The Early Period of 1919–1929
Toyen’s early work moved from Cubism through a brief engagement with naïve art, before a more decisive break arrived just before her first Paris stay. In 1925, she passed through a short but striking “primitivist” phase,3 already testing the limits of acceptable subject matter, and then, in Paris with Štyrský, the two developed what they would call Artificialism. It rejected painting as formal play for the eyes, and it rejected what it called the “formally historicizing painting” of Surrealism. What they proposed instead was a different relationship between image and sensation. Technically, this meant dripping or spray-painting through grids, stencils and various objects, or building up thick and tactile layered surfaces in order to foreground the material properties of paint itself. In their two manifestos of 1927 and 1928 they wrote of melding painterly form with poetic sensibility, claiming:
“We have no memories, but we are trying to manufacture them.”

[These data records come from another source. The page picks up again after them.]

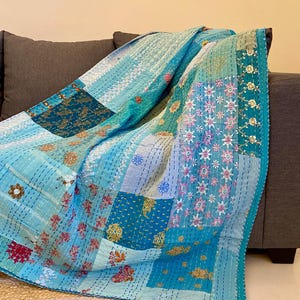 May include: A patchwork quilt in shades of blue, teal, and white, draped over a gray sofa. The quilt features floral and geometric patterns, with intricate stitching and a decorative border. The quilt is made of soft fabric.
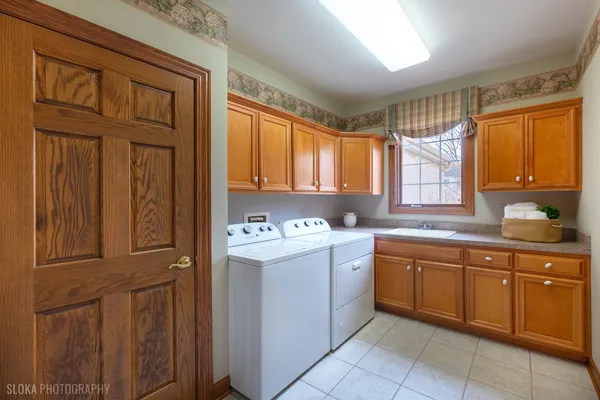 a kitchen with stainless steel appliances granite countertop a sink and cabinets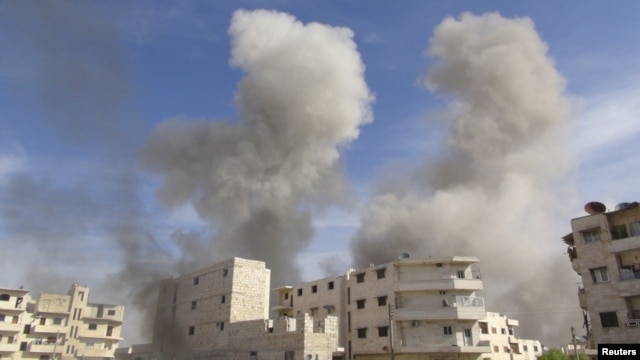 Smoke rises after a Syrian government fighter jet fired missiles at Marat al-Numan, near the northern province of Idlib, on October 30.
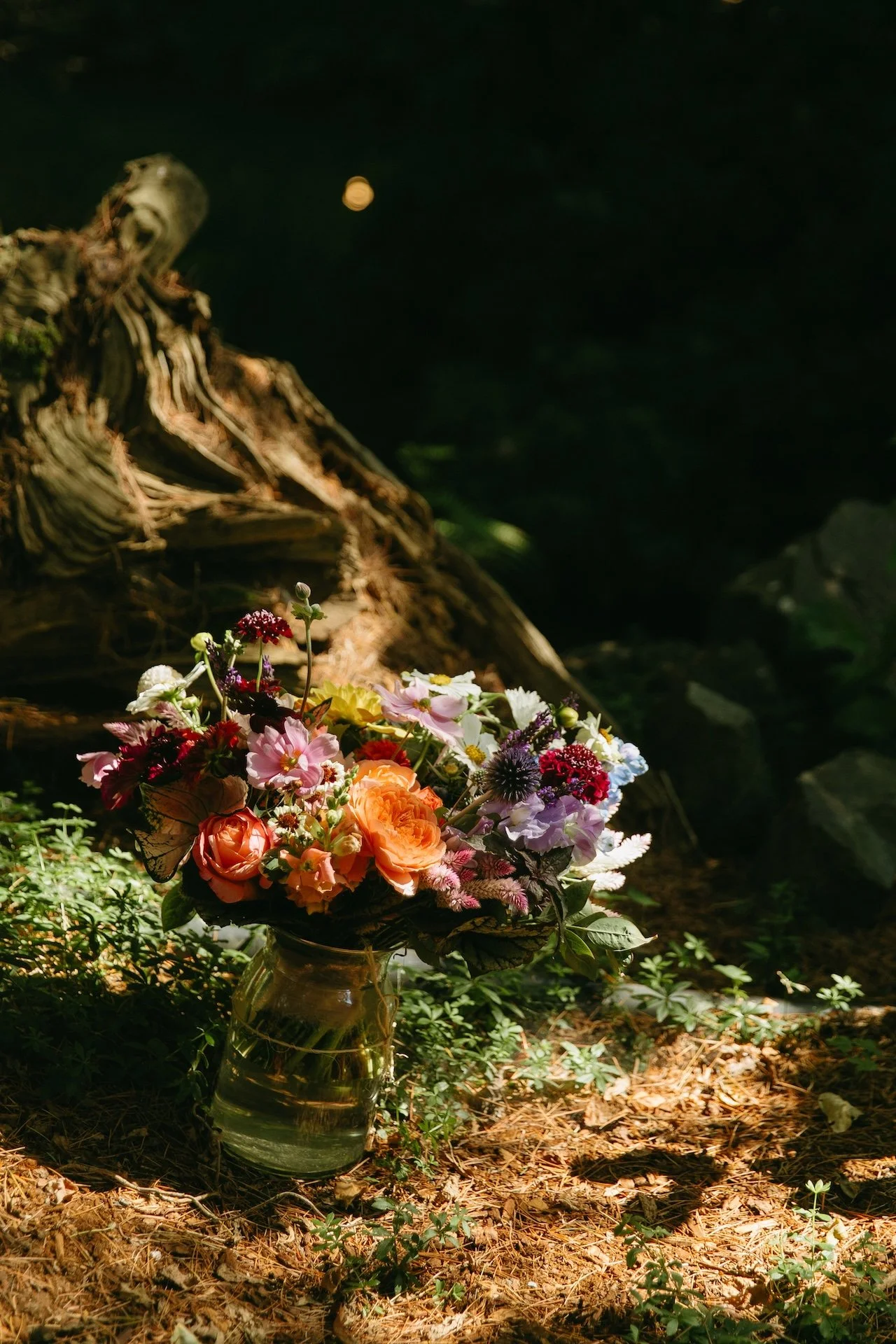 Vibrant bouquet of orange, pink, and purple flowers rests in a glass vase on the ground during a garden party wedding.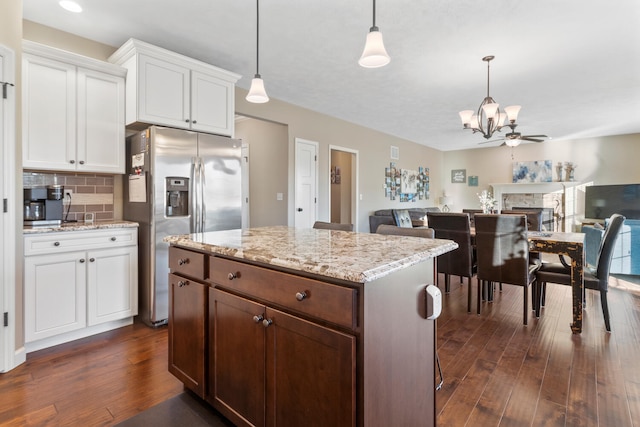 kitchen featuring stainless steel refrigerator with ice dispenser, white cabinets, decorative light fixtures, and dark wood-type flooring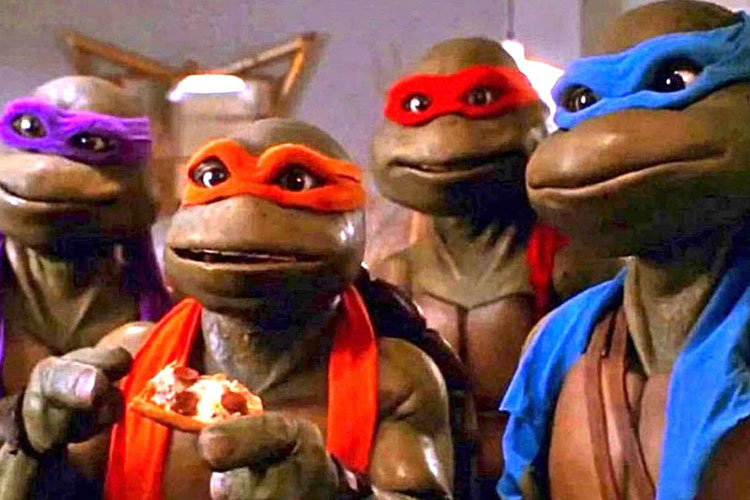 The four Teenage Mutant Ninja Turtles, wearing their signature colored masks, eating pizza.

The Artificialist paintings that resulted are non-mimetic, imaginary landscapes, not abstraction in the Constructivist sense, but something stranger; they are images built from the texture of remembered feeling. By 1929, back in Prague, Toyen had already begun experimenting with a new language of psychological association, the turn that would carry her into full Surrealism.
Chinese Tea Shop is one of Toyen’s most quietly unsettling Artificialist works and my personal favorite from her early period. The texture alone is captivating, paint built up and scraped back in ways that give the surface an almost geological presence. But what makes the composition genuinely uncanny is the spatial logic: the shop materialises out of a dense green ground like an apparition, neither fully embedded in its setting nor detached from it, hovering at the threshold between the discovered and the imagined. There is something here that for me recalls Miyazaki’s darker films, where the domestic and the otherworldly occupy the same frame, or the unnamed shops that appear in Murakami’s After Dark, places that seem to exist slightly outside ordinary time. Toyen was working here at the height of Artificialism, making images from the remembered sensation rather than observed form; a scene so specific it feels real, and so displaced it feels like a dream.
Stepping Towards Surrealism 1930–1938
The 1930s brought a shift: where the Artificialist Toyen had favored flatness, she now began painting more conventionally three-dimensional forms, rendering them at once vivid and hard to identify. She was evolving toward a personally defined iconography oscillating between reality and imagination, the seductive and the abyss. The transition was not a clean break but a deepening. Artificialism’s interest in manufactured memory was being pulled toward something more visceral. Throughout the 1930s, she produced works combining eroded surfaces suggesting dreams and visions with numerous hints of eroticism.
Two paintings anchor this period. In Prometheus, a huddled wire-wrapped entity raises the question of whether you are looking at an empty garment or an outcropping of stone -- an impossible-to-complete zone. In the Abandoned Burrow, the sexual content is suggested rather than explicit: the strident corset shocks because of its alienation and specificity, seeming to intrude into the natural world as a signifier of forms that are both present and absent. Whitney Chadwick, one of the earliest Anglophone scholars to write seriously on Toyen, identified this quality of hovering menace as central to her Surrealist work.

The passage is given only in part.